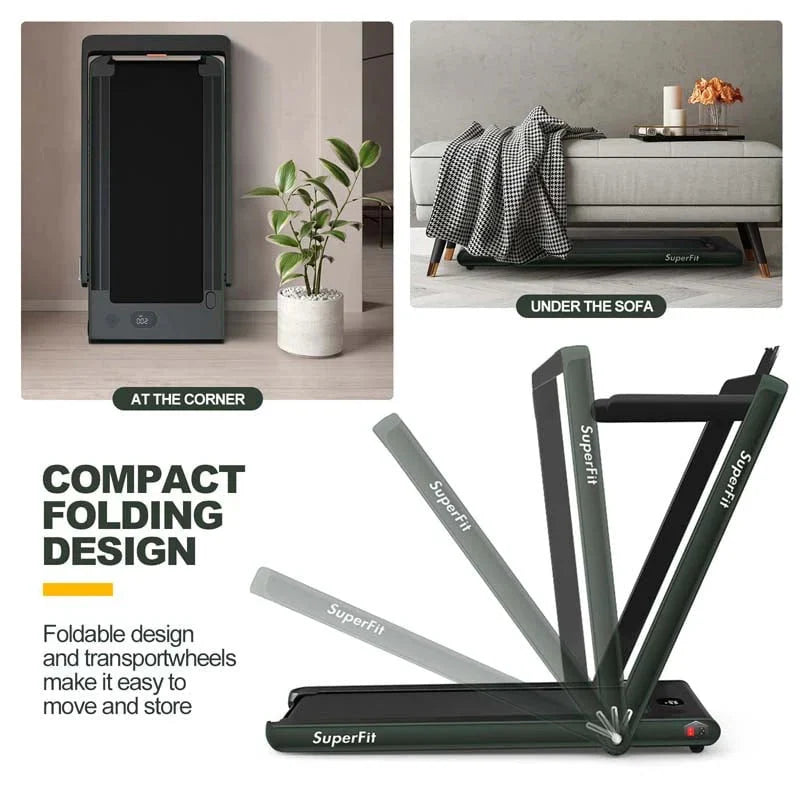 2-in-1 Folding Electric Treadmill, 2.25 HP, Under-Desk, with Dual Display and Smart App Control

==

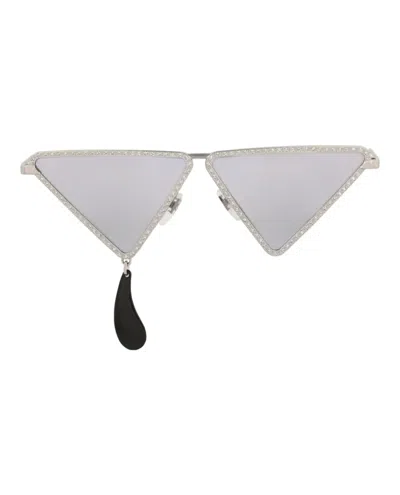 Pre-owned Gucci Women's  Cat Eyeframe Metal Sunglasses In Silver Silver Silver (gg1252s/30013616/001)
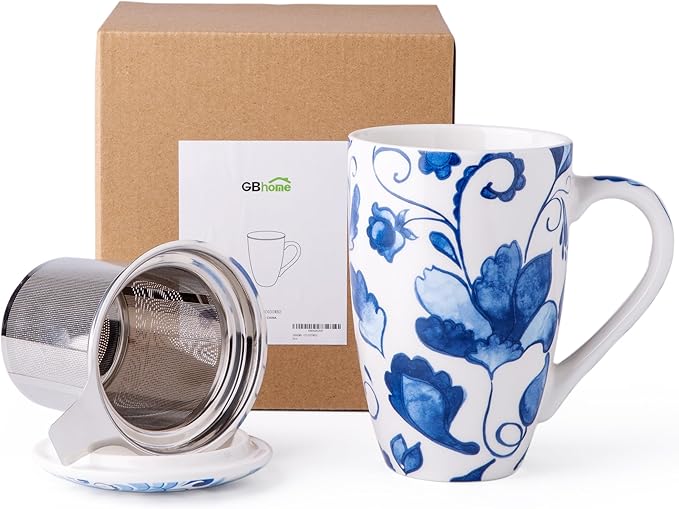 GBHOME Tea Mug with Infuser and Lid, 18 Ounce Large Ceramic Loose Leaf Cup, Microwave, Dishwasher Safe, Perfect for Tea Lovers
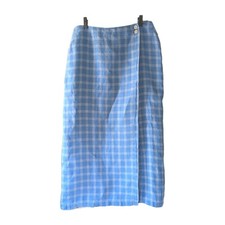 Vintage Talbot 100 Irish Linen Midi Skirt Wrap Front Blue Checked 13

==

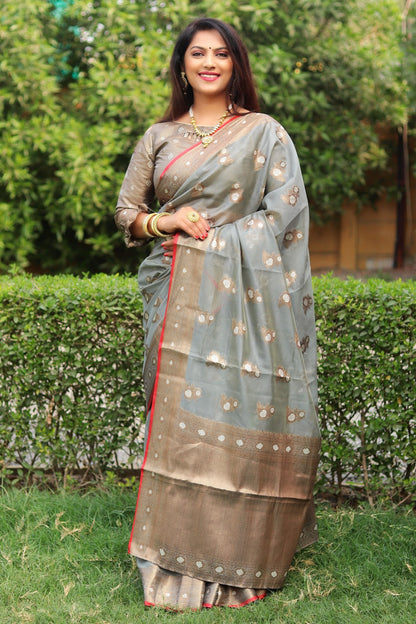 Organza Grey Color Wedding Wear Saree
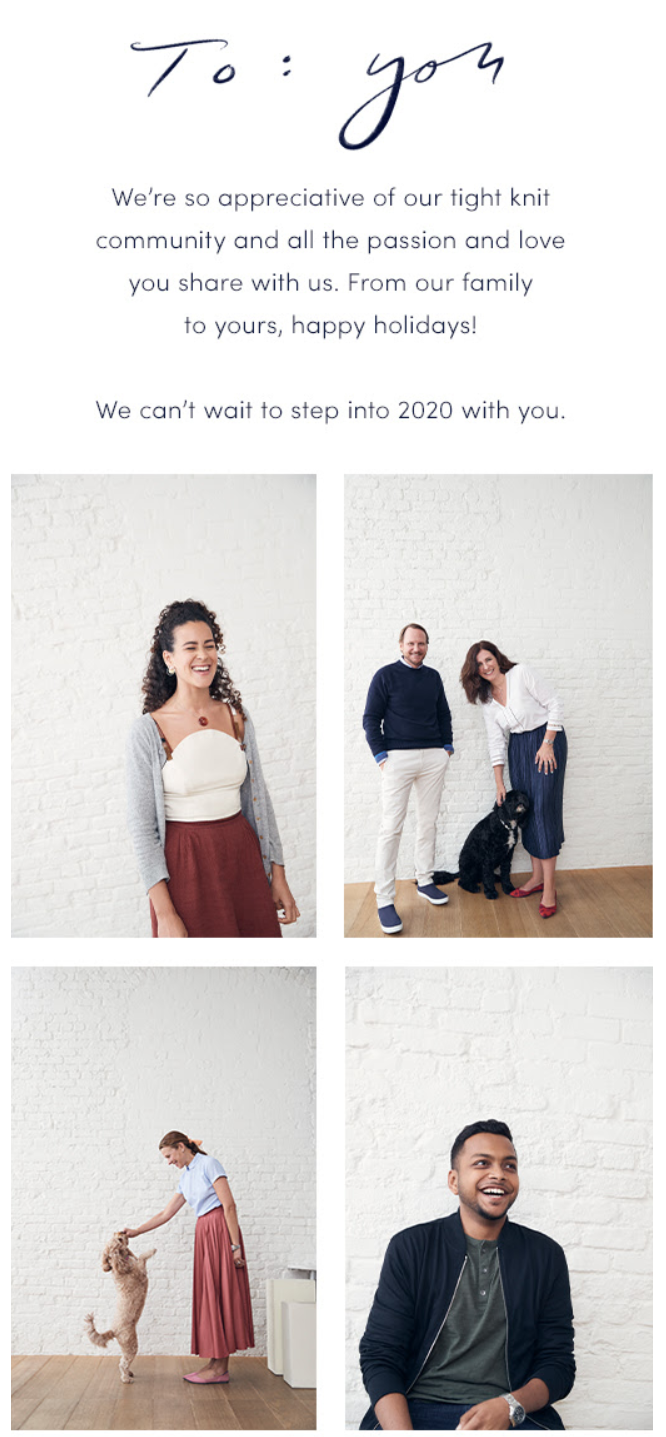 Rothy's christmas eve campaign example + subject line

• **TASK**: The answer is the lines of the material above, from the one containing "Organza Grey Color Wedding Wear Saree" down to the one containing "Rothy's christmas eve", given exactly and without images.

• **TASK RESPONSE**:
 Organza Grey Color Wedding Wear Saree
 Rothy's christmas eve campaign example + subject line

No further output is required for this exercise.